FACES OF DOCUMENTARY: TRUE/FALSE 2008

A few flickers of the long Leap Day weekend that was True/False 2008: in its fifth edition, the Columbia, Missouri-set nonfiction festival began with the traditional grand march through town, led by “punk marching band” Mucca Paaza. Images of swamis and Diane Arbus pictures danced in the streets.

Gregory O’Toole and Rivkah Beth Medow show their jaw-dropping doc Sons of a Gun as a work-in-progress.
Alex Gibney was fresh off his Oscar win for Taxi To The Dark Side.
True/False is great at ferreting out films too good to be overlooked; one of them was the premise-violating whirlwind, Forbidden Lie$, by blunt Aussie director Anna Broinowski, seen at a panel.

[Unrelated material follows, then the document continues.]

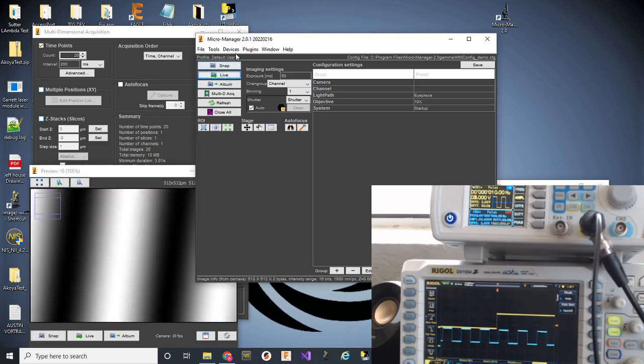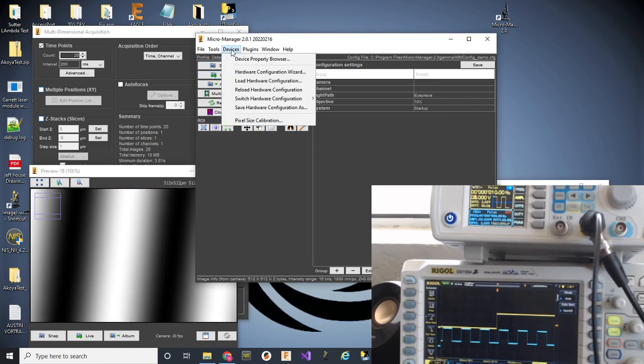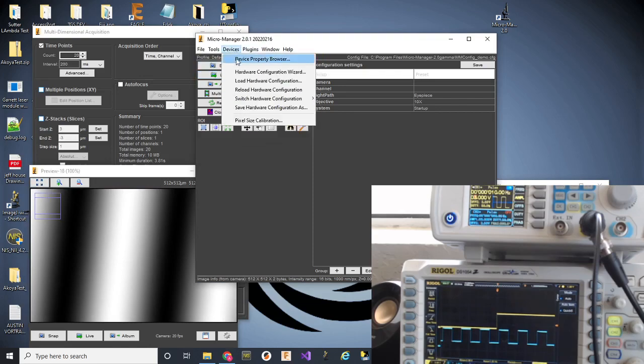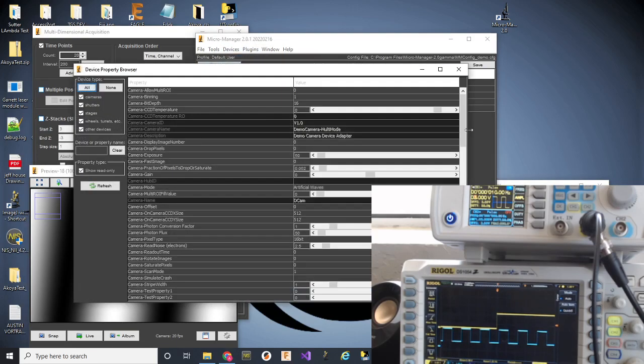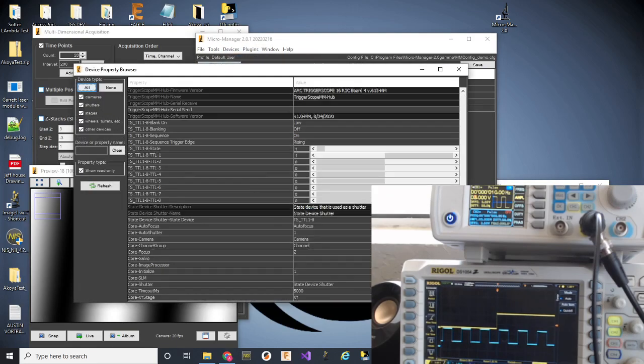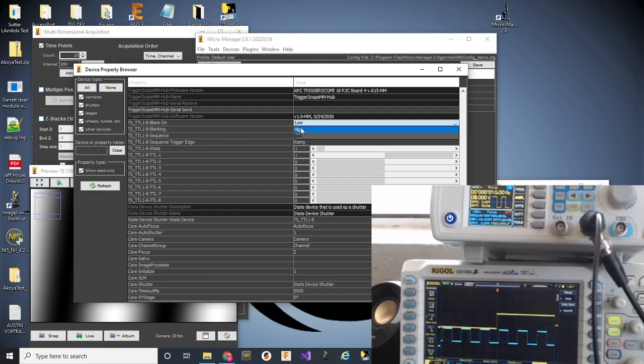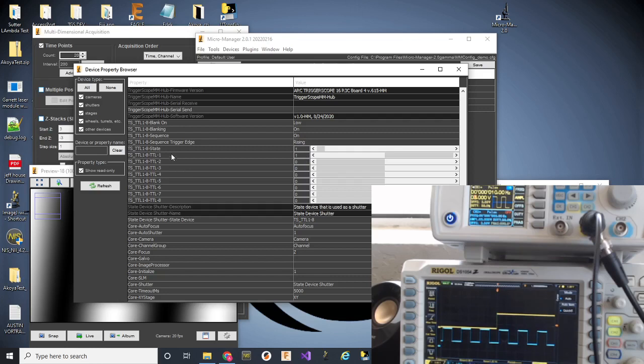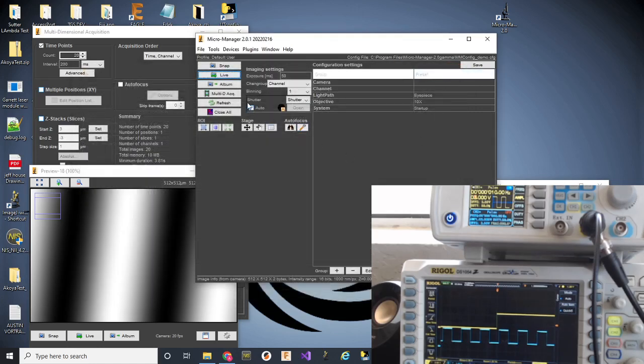So, now, we're going to turn on blanking. If we go to the device menu and then device property browser, trigger stuff is down at the bottom. We have this TTL1 through 8 blanking. We have blank on low or we can choose high. In our case, we want low. And we're going to turn on TTL1 through 8 blanking. That says if any channel, TTL1 through 8, if any of them happen to be on, we don't want them to actually turn on unless that blanking line goes active.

The festival calls its advisors-to-filmmakers “swamis”; while donning the golden turban, in memory of Columbia’s own true-false footnote to space-age lounge music Korla Pandit, is optional, Peter Broderick went full swami while taking questions about distribution models.

Ubiquitous festival co-founder David Wilson at the freshly christened Ragtag Cinema…
And Wilson with director James Marsh before closing night’s Man on Wire.
Once more, with feeling, Mucca Pazza.